Saturday, May 30, 2009

Pure art..Chelseaism

I dropped out of college in 1983 then started hanging out in the East Village. I think in retrospect because Basquiat and Haring symbolized the Romantic idea of gaining an education "in the streets " with the common people, that's what I was after. I think I had come to a rupture in the Dalton/RISD education in the Western Tradition and prep for the "American Dream"..all the unspoken conflicts in my psyche had to be addressed as I entered adulthood and I sought in the artists of the early 80's a visceral, immediate model of self expression and artistic achievement.

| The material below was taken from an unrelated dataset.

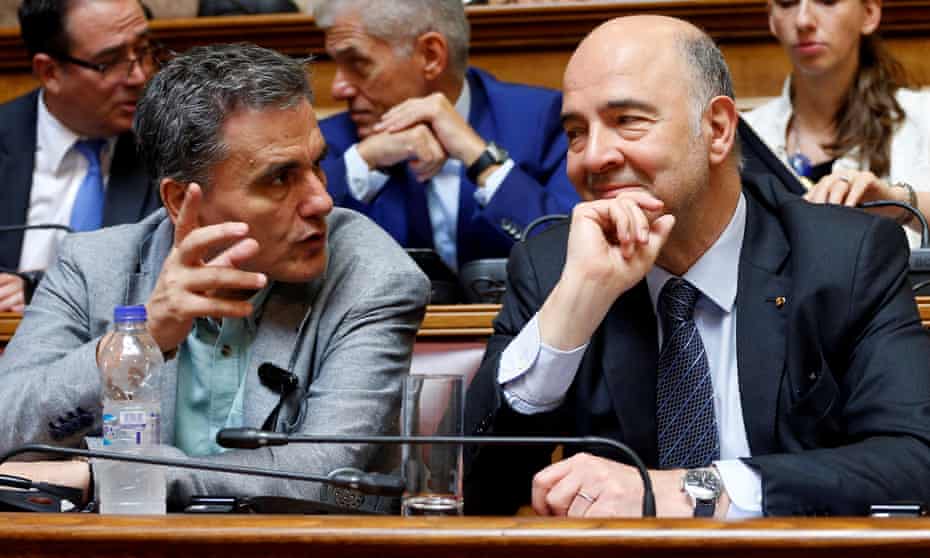 The Greek finance minister Euclid Tsakalotos, left, in Athens this July with Pierre Moscovici, European commissioner for economic affairs.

This was the height of "East Village-ism" the successor to SOHO bohemianism. The general look of alot of it was ad-hoc..ugly, abject..homely..perfect for the continuation of that "beat" era..it was also the period where black , latino, feminist and Stonewall-ish gayness was seen more and more in the arts. It was the perfect anti-dote to the mainstreaming I was supposed to be pursuiing in Dalton and RISD..
Of course nothing came of it and neither of those guys ever made it out of the 80's.
I of course did nothing of any worth in the period except get drunk and doodle..my contemporaries were beginning to set themselves up here and there..little galleries..studios in Wburg, Tribeca, Hoboken etc..
By the time the 90's rolled around and we were in our dirty thirties the East Village was gentrified and ossified...Chelsea and Wburg were the new scenes in NYC. Artists and dealers had entered the scene now with very different attitudes than the reckless and self-destructive "beats"..Chelsea for instance was the "new" gayness..not Stonewall but post-Warhol conformist. Politics, polemics and so-on was on the way out and pure aesthetics on it's way in. Work had to look more "worked on" than "worked over"..things were shinier, more professionally crafted..more of a fit for your new condo.